Internet father Vint Cerf has set his sights on a problem few yet see: the identity of artificial intelligence agents. Soon the network will be populated by autonomous software acting on our behalf — booking trips, managing investments, negotiating contracts — but today no reliable mechanism exists to tell who really stands behind any of them. Cerf, who co-designed TCP/IP forty years ago, the protocol that gave the world an open, decentralized internet, now wants to build a similar trust layer for agents.
His initiative starts from a simple observation: while we have digital identity systems for humans (from electronic signatures to SSL certificates), autonomous agents lack any equivalent. A bot making a purchase, or a virtual assistant accessing sensitive documents, cannot today verifiably prove that it represents a specific organization or operates under a given set of rules. The risk is an ecosystem where any malicious actor can impersonate a legitimate agent, undermining the trust needed to bootstrap LLM-based automation.

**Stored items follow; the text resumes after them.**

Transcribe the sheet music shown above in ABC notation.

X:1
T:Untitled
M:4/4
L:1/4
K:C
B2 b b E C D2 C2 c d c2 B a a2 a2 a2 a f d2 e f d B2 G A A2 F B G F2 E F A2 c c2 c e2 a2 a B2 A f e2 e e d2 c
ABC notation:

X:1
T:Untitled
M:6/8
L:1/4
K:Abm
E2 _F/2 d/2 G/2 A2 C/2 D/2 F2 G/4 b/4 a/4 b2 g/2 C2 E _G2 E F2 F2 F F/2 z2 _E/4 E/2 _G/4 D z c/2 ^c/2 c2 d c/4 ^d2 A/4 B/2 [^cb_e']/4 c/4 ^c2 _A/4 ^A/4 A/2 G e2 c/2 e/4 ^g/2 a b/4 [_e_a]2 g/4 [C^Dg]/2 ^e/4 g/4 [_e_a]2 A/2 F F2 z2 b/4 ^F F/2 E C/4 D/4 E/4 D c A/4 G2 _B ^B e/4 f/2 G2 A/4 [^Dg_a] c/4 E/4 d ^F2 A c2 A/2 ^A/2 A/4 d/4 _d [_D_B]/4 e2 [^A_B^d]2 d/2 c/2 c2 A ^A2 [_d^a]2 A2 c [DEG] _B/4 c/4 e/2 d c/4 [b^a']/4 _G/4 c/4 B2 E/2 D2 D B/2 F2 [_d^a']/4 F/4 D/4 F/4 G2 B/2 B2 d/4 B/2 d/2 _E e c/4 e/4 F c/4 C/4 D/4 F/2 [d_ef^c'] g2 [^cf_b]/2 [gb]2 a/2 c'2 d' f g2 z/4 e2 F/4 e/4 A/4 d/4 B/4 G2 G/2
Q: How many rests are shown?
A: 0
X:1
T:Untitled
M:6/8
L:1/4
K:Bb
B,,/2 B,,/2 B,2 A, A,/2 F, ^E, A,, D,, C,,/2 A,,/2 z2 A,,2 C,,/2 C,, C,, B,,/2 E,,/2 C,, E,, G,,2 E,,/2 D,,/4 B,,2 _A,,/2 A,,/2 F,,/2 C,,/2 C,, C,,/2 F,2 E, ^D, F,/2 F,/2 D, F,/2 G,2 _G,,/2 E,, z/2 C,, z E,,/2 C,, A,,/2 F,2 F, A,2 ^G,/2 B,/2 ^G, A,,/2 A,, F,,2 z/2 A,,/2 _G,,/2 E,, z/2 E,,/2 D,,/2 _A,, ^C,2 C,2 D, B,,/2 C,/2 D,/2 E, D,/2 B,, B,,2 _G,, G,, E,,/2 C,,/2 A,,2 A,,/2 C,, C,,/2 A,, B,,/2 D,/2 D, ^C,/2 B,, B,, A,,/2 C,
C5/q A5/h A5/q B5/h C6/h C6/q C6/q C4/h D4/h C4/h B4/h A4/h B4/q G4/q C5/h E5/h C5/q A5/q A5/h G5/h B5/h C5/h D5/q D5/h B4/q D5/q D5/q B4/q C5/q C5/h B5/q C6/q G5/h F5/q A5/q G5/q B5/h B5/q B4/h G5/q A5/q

The crux is not only technical but structural. In current paradigms, agent identity is often mediated by the cloud platforms hosting them: if an agent runs on a major provider’s servers, authentication flows through that provider’s APIs and tokens. But those evaluating on-premise deployment of LLMs and agents — for reasons of data sovereignty, control, or TCO reduction — discover that without a reference cloud, a trust link is missing. How does a self-hosted agent get recognized by an external counterparty? And how can the counterparty know the agent hasn’t been tampered with?
Here is where Cerf’s contribution could fit. If TCP/IP allowed heterogeneous networks to communicate without a central authority, a new identity protocol for agents could do the same for trustworthiness: a software layer that lets an agent present cryptographically signed verifiable credentials without relying on a single certifier. This is not science fiction: technologies like decentralized identifiers (DIDs) and verifiable credentials already exist, but they haven’t yet entered the toolbox of those developing on-premise LLMs. Cerf’s announcement could spur open standards that make agent identity a native attribute of the infrastructure, much as an IP address is native to network connectivity.
Second-order implications are profound. Robust agent identity would pave the way for an economy of autonomous services in which enterprises delegate sensitive tasks to software running on their own servers, retaining full data control. Today, many adopt third-party APIs because they are simpler, but pay in exposure and lock-in. Tomorrow, an organization could run its own LLM agent within its network perimeter, certifying its identity to the outside world without intermediaries. In that scenario, the cloud-centric model loses some of its gatekeeping power: the control of trust shifts from platform to open infrastructure.
At the third order, this move signals something larger: the internet is entering a phase where fundamental protocols must be rethought for a world populated not just by humans, but by autonomous software entities. TCP/IP worked for forty years because it solved connectivity. Now the problem is representation: who can act on whose behalf, and under which constraints. The answer probably won’t be a single top-down standard, but a set of practices and technologies that must integrate with companies’ deployment choices — including on-premise.
For those building local inference stacks today, the message is clear: agent identity is not an accessory detail, but an architectural component to be considered from the outset. History shows that open protocols, if well designed, can enable entire ecosystems. Cerf seems to want to repeat the feat, this time for digital trust. And if he succeeds, how we think of agents — as simple interfaces to models — will change radically.